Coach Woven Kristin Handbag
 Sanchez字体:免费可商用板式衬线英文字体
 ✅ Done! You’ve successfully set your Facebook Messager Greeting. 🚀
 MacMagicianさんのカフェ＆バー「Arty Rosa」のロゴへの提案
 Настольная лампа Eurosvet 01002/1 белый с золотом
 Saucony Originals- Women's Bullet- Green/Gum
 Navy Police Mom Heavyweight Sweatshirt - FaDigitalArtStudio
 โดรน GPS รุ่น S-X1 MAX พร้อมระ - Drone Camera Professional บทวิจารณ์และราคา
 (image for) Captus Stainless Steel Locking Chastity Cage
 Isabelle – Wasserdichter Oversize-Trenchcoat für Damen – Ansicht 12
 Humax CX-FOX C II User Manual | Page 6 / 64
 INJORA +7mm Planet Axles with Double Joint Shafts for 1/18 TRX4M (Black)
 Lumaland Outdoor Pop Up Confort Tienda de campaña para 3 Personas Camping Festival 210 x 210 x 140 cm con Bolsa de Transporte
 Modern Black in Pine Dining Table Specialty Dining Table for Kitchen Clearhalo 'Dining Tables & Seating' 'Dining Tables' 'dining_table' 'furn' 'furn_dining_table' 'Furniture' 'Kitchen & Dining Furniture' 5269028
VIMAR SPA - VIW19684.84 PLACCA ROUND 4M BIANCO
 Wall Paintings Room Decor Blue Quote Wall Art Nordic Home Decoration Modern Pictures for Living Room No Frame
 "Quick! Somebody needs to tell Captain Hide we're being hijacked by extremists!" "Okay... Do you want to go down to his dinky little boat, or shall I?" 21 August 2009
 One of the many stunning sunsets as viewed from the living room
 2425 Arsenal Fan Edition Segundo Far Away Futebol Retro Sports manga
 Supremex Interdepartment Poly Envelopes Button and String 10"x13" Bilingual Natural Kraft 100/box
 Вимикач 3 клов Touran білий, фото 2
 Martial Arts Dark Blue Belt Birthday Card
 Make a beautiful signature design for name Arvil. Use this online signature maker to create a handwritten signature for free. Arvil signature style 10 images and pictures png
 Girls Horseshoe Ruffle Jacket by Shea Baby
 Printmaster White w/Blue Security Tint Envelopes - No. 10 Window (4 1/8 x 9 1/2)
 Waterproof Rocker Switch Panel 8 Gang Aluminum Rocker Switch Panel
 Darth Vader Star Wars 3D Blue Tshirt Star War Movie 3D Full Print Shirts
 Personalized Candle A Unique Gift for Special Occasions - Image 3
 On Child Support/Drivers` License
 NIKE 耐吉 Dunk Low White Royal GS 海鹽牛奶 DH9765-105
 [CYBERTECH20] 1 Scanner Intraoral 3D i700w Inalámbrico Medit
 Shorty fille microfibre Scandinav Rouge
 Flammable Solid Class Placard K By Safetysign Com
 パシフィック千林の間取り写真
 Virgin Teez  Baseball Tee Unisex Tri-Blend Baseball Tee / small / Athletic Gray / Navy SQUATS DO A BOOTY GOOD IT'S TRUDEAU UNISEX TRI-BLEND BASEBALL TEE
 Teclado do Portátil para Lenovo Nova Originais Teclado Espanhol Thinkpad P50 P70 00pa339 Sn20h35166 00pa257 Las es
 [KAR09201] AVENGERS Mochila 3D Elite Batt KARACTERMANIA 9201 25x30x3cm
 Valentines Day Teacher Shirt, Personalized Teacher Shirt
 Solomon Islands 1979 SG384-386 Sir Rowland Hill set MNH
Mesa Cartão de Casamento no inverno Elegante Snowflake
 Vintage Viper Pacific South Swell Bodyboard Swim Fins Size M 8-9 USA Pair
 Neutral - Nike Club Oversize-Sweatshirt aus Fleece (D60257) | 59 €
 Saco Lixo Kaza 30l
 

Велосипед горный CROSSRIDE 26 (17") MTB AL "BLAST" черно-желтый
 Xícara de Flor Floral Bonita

• [ABOUT THIS EXERCISE]:
Of the entries above, transcribe exactly those lines that fall between the line containing "(image for) Captus" and the line containing "Lumaland Outdoor Pop", together with those two lines.

• [ANSWER TO THIS PROBLEM]:
 (image for) Captus Stainless Steel Locking Chastity Cage
 Isabelle – Wasserdichter Oversize-Trenchcoat für Damen – Ansicht 12
 Humax CX-FOX C II User Manual | Page 6 / 64
 INJORA +7mm Planet Axles with Double Joint Shafts for 1/18 TRX4M (Black)
 Lumaland Outdoor Pop Up Confort Tienda de campaña para 3 Personas Camping Festival 210 x 210 x 140 cm con Bolsa de Transporte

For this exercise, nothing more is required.